# Help with tempo-guessing algorithm

I’m in a situation where I’m going to be measuring the length of some loops on the fly and deriving a ‘plausible’ tempo.

The simple algorithm I have in my head is that if the bpm works out at less than 80, double it: if greater than 160, half it. And, that would ideally be recursive, so if it is less than 40, multiply it by four, if greater than 320 divide by four, and so on.

I have the function below that works, but seems clunky and very un-functional with all those case statements.

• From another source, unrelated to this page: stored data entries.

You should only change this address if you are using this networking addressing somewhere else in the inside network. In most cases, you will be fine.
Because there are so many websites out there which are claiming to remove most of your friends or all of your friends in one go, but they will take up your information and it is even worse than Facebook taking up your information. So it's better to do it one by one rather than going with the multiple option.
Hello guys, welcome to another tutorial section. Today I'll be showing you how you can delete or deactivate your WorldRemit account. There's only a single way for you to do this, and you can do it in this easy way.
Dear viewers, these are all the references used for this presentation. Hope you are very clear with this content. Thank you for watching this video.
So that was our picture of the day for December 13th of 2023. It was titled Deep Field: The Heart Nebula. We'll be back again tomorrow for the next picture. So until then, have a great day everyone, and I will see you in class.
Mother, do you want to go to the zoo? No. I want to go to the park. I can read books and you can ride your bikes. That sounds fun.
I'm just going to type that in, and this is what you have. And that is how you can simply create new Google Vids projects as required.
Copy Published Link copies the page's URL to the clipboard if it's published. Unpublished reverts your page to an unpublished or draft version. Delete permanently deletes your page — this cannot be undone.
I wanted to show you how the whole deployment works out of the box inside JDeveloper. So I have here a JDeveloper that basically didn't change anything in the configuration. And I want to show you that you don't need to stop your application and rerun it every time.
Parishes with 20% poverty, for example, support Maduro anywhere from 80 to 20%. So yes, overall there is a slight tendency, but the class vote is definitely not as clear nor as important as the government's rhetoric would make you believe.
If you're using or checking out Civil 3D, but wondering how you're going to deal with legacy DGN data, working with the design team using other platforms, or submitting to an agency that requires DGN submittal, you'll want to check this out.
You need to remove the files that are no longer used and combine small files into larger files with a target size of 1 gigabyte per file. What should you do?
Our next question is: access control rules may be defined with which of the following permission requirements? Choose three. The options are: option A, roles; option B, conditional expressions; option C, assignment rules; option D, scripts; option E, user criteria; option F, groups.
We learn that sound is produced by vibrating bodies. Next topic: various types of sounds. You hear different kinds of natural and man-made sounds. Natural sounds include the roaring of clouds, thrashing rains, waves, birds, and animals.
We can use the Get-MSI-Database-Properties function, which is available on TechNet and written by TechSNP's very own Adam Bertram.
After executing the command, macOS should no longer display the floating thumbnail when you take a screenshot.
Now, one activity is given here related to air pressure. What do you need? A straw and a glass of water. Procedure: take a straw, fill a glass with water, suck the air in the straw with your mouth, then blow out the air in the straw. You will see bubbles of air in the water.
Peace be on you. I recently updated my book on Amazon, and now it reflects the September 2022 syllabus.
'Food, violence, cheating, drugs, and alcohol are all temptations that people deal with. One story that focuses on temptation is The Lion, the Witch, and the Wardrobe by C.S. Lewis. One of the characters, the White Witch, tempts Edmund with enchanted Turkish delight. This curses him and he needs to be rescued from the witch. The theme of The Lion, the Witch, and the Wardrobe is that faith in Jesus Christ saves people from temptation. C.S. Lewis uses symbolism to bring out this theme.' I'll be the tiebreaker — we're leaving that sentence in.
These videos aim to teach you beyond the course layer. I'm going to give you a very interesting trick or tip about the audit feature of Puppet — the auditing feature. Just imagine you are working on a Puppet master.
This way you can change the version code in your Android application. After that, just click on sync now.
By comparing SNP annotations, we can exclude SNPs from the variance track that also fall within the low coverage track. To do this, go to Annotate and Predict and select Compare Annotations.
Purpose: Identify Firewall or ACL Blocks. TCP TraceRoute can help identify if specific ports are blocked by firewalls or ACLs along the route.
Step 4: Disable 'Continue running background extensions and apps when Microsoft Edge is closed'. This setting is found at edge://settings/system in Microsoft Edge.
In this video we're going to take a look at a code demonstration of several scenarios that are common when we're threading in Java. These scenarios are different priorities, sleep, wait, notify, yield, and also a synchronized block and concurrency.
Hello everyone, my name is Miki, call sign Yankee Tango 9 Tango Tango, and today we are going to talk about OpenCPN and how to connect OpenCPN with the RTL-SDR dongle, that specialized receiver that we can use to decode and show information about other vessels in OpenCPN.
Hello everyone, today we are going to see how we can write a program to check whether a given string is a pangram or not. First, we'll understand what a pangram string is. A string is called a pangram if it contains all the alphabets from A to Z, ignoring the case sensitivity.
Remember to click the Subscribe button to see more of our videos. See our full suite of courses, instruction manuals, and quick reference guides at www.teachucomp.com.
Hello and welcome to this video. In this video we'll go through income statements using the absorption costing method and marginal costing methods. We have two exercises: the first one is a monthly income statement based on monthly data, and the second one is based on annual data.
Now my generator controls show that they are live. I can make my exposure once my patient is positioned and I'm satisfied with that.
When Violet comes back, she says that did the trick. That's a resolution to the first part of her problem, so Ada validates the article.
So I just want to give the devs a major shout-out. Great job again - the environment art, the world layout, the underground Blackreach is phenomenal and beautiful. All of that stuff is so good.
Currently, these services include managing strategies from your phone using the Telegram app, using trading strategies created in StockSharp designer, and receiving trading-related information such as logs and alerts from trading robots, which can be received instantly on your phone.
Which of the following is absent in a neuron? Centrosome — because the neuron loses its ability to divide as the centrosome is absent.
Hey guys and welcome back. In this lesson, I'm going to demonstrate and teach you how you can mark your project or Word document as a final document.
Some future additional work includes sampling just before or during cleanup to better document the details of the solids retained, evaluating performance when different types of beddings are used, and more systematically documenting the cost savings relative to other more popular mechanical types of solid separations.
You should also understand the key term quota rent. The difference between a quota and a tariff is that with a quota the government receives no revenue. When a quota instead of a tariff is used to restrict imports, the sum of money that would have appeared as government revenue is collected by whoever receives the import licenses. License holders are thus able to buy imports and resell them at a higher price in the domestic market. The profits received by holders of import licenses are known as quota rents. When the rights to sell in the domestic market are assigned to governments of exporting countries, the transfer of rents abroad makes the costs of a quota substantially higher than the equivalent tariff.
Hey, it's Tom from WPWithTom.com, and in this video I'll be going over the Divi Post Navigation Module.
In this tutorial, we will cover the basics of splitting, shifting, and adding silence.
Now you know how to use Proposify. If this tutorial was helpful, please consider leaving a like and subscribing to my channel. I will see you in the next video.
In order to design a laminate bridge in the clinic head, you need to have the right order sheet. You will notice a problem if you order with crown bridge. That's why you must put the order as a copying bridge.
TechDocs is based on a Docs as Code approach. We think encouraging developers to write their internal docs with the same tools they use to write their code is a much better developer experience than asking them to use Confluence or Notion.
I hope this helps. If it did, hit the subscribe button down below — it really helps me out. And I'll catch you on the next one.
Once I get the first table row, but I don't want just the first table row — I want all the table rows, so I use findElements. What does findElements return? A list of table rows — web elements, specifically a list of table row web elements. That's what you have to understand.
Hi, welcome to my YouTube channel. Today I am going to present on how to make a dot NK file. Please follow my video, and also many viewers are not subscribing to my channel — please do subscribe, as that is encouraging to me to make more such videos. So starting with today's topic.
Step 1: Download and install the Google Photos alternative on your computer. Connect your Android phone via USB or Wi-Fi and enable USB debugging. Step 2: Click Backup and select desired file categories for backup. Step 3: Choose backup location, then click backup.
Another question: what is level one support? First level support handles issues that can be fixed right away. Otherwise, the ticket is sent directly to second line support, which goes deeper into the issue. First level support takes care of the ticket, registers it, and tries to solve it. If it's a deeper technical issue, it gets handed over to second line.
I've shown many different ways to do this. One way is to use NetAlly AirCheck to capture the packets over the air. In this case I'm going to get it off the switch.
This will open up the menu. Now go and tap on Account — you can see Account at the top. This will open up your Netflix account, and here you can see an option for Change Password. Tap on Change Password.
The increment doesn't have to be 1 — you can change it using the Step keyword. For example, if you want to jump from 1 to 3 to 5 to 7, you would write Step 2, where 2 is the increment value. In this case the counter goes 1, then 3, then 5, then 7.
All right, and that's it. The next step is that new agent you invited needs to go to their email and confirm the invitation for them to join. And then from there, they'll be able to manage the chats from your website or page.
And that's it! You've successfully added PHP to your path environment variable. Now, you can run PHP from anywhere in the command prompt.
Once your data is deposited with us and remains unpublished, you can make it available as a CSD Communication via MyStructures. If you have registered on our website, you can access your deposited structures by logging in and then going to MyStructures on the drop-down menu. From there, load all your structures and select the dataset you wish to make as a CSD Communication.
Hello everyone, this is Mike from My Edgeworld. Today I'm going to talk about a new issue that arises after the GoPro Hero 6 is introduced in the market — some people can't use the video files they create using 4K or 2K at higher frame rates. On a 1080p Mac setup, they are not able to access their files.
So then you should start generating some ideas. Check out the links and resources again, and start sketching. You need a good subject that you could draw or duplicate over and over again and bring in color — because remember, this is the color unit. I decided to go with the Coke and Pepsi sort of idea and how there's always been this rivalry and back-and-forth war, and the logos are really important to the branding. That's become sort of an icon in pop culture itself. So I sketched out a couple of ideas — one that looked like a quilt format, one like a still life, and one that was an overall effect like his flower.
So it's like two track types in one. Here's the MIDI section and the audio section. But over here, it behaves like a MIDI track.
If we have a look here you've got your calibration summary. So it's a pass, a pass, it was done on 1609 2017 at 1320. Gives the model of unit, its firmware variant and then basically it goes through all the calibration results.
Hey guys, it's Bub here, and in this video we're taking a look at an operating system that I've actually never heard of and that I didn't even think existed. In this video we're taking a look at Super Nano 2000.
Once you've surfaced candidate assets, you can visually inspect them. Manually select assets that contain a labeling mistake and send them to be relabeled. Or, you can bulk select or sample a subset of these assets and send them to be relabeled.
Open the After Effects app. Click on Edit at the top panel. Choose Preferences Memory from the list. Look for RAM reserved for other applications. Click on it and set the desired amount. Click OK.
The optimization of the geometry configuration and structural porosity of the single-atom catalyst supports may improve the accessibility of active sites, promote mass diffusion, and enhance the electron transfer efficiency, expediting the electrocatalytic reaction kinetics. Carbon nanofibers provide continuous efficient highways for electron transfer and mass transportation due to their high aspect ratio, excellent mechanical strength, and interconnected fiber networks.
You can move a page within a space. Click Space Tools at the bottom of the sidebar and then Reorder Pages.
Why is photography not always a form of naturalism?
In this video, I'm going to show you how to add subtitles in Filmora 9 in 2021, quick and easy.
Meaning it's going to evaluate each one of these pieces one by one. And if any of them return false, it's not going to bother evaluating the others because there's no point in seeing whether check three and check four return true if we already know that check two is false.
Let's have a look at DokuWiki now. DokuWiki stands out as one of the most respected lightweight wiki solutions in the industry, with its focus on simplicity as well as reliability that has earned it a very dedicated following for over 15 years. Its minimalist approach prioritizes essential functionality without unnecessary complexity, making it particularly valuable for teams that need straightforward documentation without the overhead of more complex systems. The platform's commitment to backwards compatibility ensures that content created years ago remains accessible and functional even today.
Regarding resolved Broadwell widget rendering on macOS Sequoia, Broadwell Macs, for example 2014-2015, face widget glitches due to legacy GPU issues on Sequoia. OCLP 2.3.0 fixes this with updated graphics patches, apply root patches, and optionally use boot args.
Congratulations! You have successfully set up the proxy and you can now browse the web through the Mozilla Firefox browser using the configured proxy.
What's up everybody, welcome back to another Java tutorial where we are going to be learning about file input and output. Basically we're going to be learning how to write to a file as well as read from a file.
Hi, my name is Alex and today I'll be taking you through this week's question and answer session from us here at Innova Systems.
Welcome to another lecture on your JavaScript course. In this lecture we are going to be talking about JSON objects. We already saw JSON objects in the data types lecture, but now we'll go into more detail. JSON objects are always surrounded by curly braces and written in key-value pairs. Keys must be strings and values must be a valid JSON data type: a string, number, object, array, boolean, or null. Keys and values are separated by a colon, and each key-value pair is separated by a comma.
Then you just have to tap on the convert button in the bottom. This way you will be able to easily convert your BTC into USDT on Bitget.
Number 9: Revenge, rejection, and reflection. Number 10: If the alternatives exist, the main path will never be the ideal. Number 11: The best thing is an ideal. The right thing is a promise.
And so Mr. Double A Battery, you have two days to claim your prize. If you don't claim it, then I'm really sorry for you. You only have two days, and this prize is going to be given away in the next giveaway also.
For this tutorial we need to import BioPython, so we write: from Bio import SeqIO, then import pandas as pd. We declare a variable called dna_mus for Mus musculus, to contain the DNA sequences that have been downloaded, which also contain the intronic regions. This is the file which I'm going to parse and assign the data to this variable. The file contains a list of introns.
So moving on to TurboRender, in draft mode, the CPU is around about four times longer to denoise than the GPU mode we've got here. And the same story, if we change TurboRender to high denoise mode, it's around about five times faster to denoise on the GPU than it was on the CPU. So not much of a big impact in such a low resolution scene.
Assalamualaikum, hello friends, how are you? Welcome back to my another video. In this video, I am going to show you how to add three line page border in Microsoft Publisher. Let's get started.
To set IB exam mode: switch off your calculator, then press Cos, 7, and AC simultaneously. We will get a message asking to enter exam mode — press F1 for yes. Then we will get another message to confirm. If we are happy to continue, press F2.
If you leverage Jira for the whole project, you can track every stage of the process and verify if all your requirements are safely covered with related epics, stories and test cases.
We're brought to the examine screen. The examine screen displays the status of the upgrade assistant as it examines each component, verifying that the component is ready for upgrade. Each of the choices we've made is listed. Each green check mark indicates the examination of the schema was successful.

Also, I’m not properly dealing with values > 1280 or < 10.

``````(
~h = {|x| case
{x < 20} {x*8}
{x < 40} {x*4}
{x < 80} {x*2}
{x > 640} {x/8}
{x > 320} {x/4}
{x > 160} {x/2}
{x}
});

~h.(79) // too slow, double it
// etc

``````

I’d love to see a more elegant solution? It feels to me like there is something modulo-ish going on here, but I can’t figure it out!

You could use recursion. This would help you work with very small or very large numbers, although I’m sure a programmer could find a more efficient way.

``````(
~h = {|x| case
{x < 80} {~h.(x*2)}
{x > 160} {~h.(x/2)}
{x}
}
)

// tests
~h.(39);
~h.(79);
~h.(101);
~h.(165);
~h.(340);
~h.(85 * 2.pow(10));
~h.(86.7 * 2.pow(-10));
``````
1 Like

Ah! The recursion looks so simple once you see it, thanks.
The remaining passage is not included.